WHAT IS EXPECTED »
Quote the whole listing word for word. Do not include the pictures.

COLLECTED DATA »
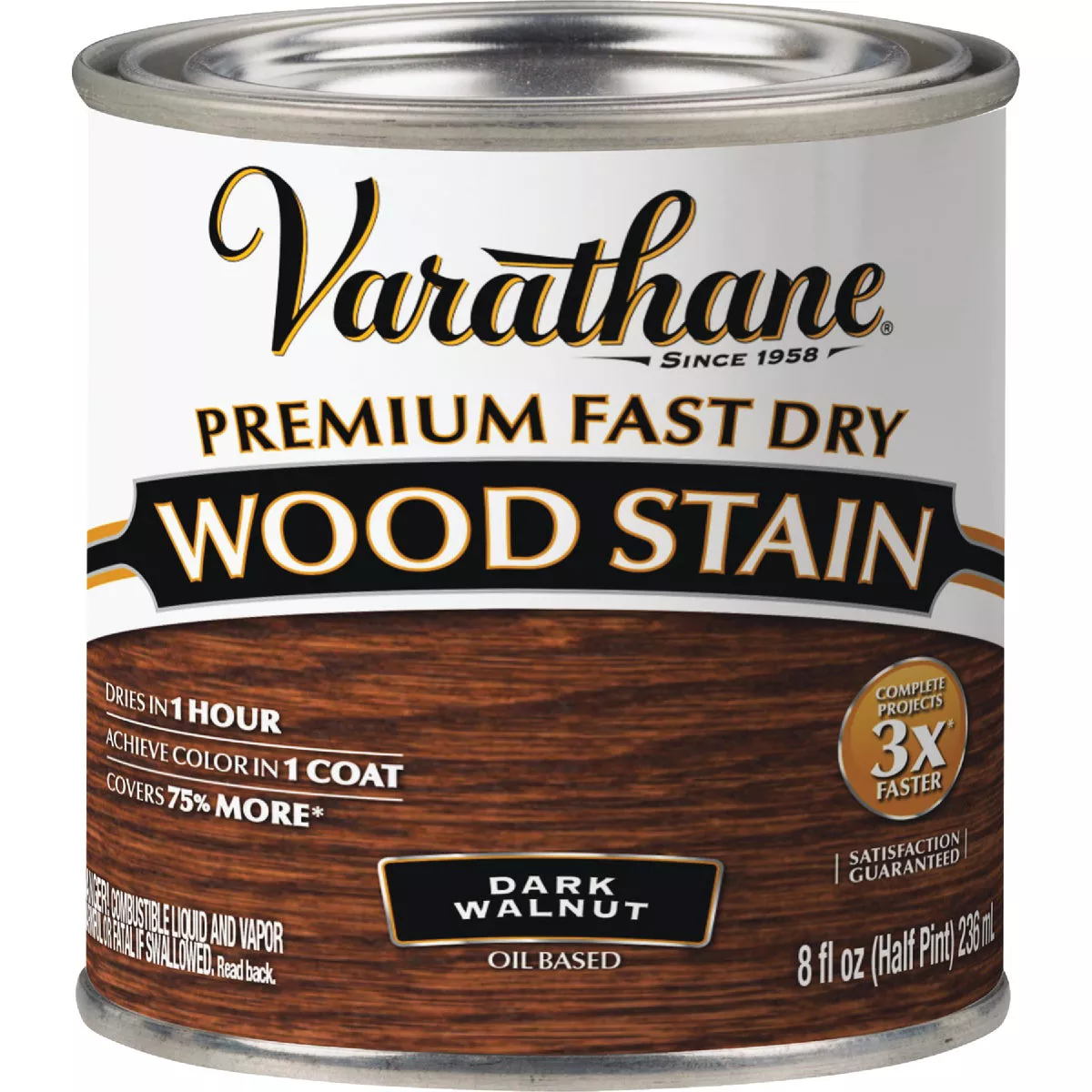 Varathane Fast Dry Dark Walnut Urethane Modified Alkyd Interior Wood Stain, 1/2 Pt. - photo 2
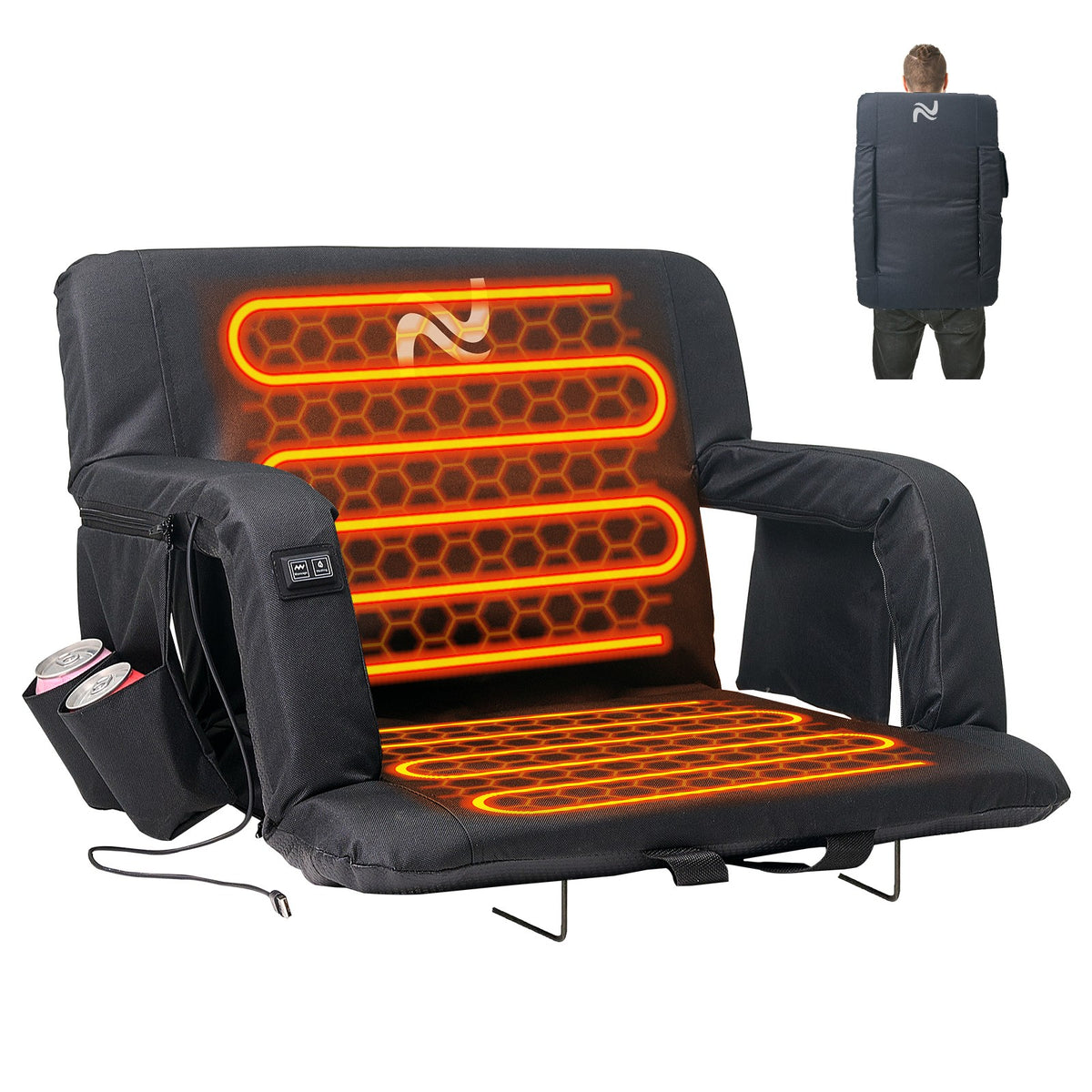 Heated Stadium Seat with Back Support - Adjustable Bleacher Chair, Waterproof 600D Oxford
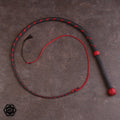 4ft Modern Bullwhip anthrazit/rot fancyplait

TASK RESPONSE »
 Varathane Fast Dry Dark Walnut Urethane Modified Alkyd Interior Wood Stain, 1/2 Pt. - photo 2
 Heated Stadium Seat with Back Support - Adjustable Bleacher Chair, Waterproof 600D Oxford
 4ft Modern Bullwhip anthrazit/rot fancyplait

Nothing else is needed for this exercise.